▶ **Recorded information**:
Start of Block

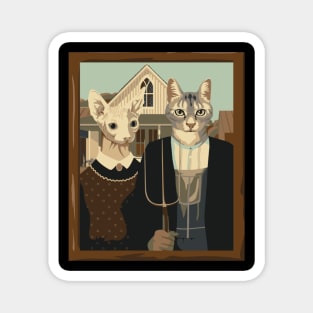 A Meowican Gothic American Gothic Cat Parody Magnet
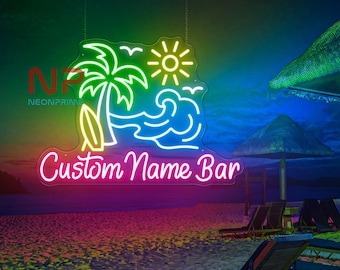 Benutzerdefinierte Name Beach Bar Leuchtreklame, personalisierte Lounge Decor, Tropische Party LED-Licht, Home Tiki Bar Geschenk, Surfen und Palme Neon Art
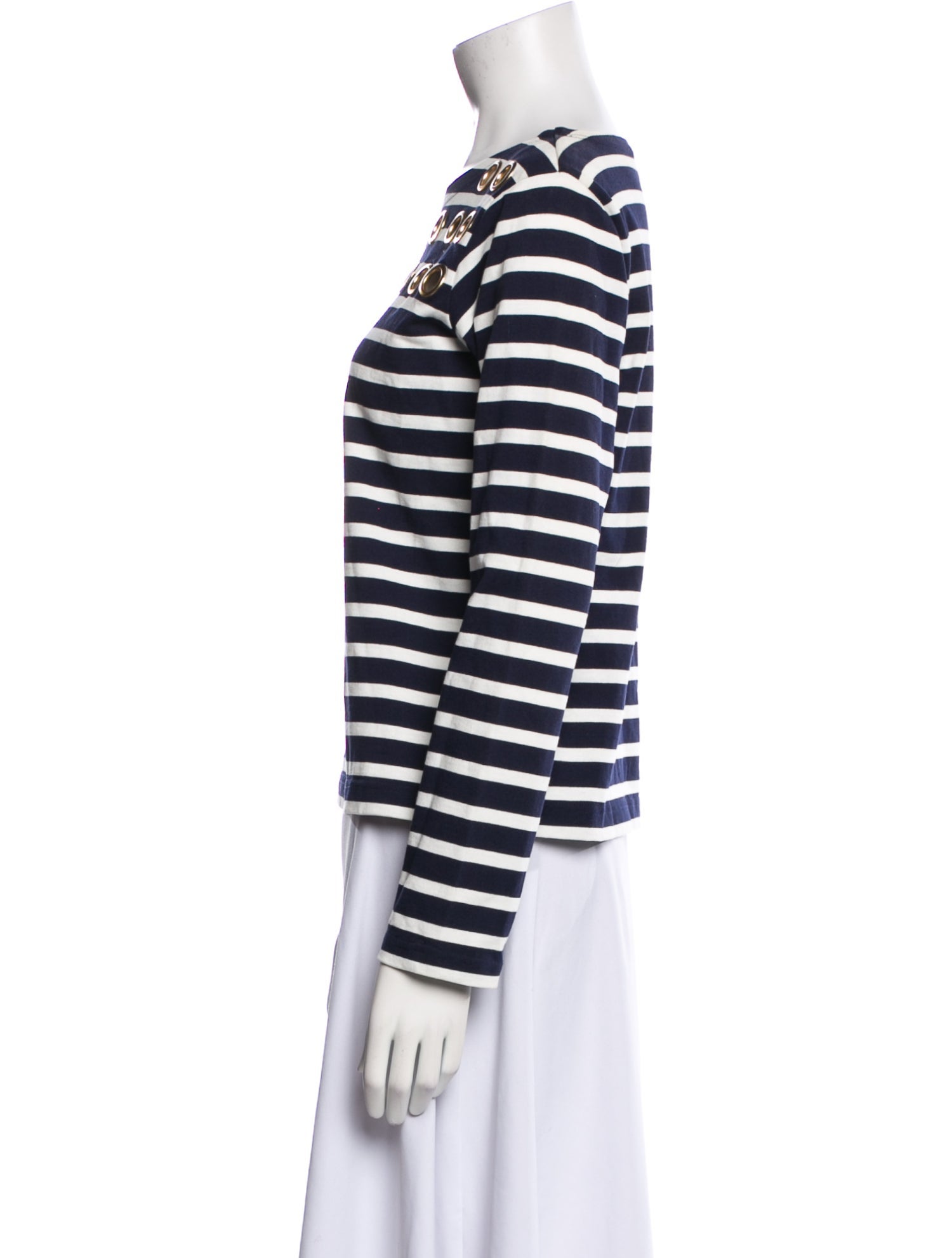 Derek Lam 10 Crosby Striped Bateau Neckline Top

End of Block

▶ **Prompt**: Transcribe the listing exactly; omit all images.

▶ **Result for this task**:
 A Meowican Gothic American Gothic Cat Parody Magnet
 Benutzerdefinierte Name Beach Bar Leuchtreklame, personalisierte Lounge Decor, Tropische Party LED-Licht, Home Tiki Bar Geschenk, Surfen und Palme Neon Art
 Derek Lam 10 Crosby Striped Bateau Neckline Top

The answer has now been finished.